<<<<

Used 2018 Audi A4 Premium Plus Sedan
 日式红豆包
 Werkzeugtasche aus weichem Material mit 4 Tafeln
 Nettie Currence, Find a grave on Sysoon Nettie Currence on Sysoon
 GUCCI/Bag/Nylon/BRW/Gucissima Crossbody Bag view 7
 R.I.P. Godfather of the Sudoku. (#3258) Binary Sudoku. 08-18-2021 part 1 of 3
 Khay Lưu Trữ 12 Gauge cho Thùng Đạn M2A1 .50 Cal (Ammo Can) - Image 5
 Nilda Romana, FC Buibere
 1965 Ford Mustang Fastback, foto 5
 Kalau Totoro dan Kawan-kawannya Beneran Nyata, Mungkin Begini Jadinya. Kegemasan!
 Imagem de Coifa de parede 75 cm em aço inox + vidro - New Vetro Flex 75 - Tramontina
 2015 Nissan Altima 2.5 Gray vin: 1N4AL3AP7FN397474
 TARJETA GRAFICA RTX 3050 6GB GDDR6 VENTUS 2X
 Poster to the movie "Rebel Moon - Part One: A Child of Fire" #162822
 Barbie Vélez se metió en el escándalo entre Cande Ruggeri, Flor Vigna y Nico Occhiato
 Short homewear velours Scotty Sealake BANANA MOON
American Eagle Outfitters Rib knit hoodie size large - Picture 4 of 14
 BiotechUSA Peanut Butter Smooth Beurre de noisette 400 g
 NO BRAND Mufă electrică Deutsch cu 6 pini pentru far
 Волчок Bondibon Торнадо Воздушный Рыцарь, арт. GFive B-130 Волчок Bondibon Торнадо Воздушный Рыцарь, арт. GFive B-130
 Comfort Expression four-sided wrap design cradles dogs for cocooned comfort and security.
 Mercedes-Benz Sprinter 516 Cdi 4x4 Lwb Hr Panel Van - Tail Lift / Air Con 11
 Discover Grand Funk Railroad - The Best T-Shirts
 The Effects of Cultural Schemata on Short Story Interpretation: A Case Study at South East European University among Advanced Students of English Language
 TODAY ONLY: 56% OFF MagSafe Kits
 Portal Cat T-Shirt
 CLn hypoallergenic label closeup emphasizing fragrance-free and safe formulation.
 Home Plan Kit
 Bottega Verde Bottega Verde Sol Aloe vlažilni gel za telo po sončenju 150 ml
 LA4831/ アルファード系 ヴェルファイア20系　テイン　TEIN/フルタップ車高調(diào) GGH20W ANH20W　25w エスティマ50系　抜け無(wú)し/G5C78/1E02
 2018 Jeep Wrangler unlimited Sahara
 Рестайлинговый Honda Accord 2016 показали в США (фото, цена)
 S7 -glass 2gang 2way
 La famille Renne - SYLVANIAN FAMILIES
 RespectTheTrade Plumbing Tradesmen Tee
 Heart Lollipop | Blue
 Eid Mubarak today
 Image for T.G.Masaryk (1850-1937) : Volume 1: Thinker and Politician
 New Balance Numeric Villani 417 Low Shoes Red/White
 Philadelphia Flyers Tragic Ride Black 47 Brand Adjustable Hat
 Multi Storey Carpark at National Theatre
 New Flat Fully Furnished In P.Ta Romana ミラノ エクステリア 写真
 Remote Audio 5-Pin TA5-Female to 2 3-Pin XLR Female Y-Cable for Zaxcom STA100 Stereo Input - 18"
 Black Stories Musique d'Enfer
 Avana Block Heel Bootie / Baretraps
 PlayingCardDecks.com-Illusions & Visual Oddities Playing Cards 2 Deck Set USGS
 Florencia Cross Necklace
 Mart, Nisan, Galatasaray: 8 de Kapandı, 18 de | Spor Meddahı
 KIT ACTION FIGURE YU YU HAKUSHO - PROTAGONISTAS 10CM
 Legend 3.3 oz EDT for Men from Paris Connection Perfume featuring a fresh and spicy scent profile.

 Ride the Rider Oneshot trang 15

>>>>

Task goal> Which of the lines above include the string "Black"? Pick them out and copy them.

Solution to this problem>
 Philadelphia Flyers Tragic Ride Black 47 Brand Adjustable Hat
 Black Stories Musique d'Enfer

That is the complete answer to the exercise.